The fact that the coronavirus pandemic has closed people at home has also negatively affected autonomous vehicle development.. This is because of the lack of data.. Data serves as oil today. It is the most important building block for training AI models.. Artificial intelligence models learn the necessary things with the help of certain algorithms from the data given to them during the training process and create a prediction mechanism.. The situation is the same in autonomous vehicles.. For example, in order for the car to recognize traffic lights, you have to show and teach it hundreds, maybe even thousands, of traffic light photos, just like a baby.. However, the lockdown of people due to the pandemic has greatly hindered obtaining data to train autonomous vehicles.. Autonomous vehicle manufacturers, on the other hand, are trying to produce solutions with synthetic data sets they have created with engines such as Unity.

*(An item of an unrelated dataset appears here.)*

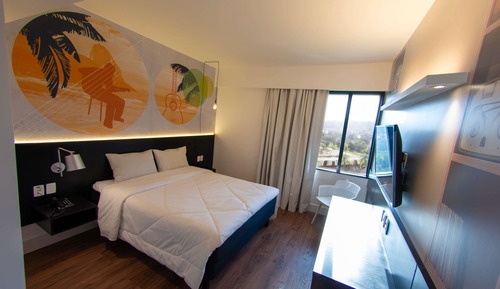 Habitación superior, 1 cama de matrimonio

Real world data is truly priceless.. But in a presentation at Transform 2020, which was held recently, Unity Authorized Machine Learning Engineer Cesar Romero stated that they support autonomous vehicles, robots and more artificial intelligence model training with synthetic datasets.. Although Unity is famous for its game engine, it also offers tools for the transportation, film, architecture, engineering and construction industries.. Working in all these areas, the company emphasized that it is very difficult to obtain some of the data they need from the real world, so synthetic data sets are important.
Synthetic Data Sets Can Eliminate Data Violations
In the statement of Unity official, “First of all, we have a GDPR (General Data Protection Regulation) problem regarding data.. This regulation tries to emphasize that the collected data belongs to the individual, not the collecting company.. This makes it very difficult to collect data without violating the rights of users.. However, there is no such problem with simulated, synthetic data.. Since the data is completely synthetic, there is no confidentiality to be violated or ownership to be questioned.”. For example, in order for autonomous vehicles to learn about the accident situation, we need to present them with images containing the accident.. Visuals like this are so hard to find in real life that sometimes you just don’t have enough data to train the model.. However, if you can determine the behavior of the cars with a simulation environment and find out what the result will be in the event of an accident, you will find data for your model without any expense..
Training objects created in the simulation environment do not have to be only 2 dimensional. You can create 3D objects and rotate them, zoom in and out and change the background. In this way, you have training data in many variations.
We mentioned that synthetic data costs less than real-world data.. This graphic by Cesar Romero proves this.
Romero also cited the Synthia Data Set, which is used to train autonomous vehicles, as an example of a synthetic dataset.. As an article, he cited the article “Domain Randomization to Transfer Deep Neural Networks from Simulation to Real World” for training robot arms published in 2017.. As a third example, he stated that the synthetic data used by the Google Cloud AI Research Team in the model they developed to detect supermarket items is more effective than real data.
For simulations and synthetic data, SynthDet, which Unity currently offers as open source, stated that it can be used. But Romero said that you should not use SynthDet if you are running it on your own hardware, and that if large-scale simulations are required, Unity Simulation, which they offer as a cloud service, can be used. undoubtedly.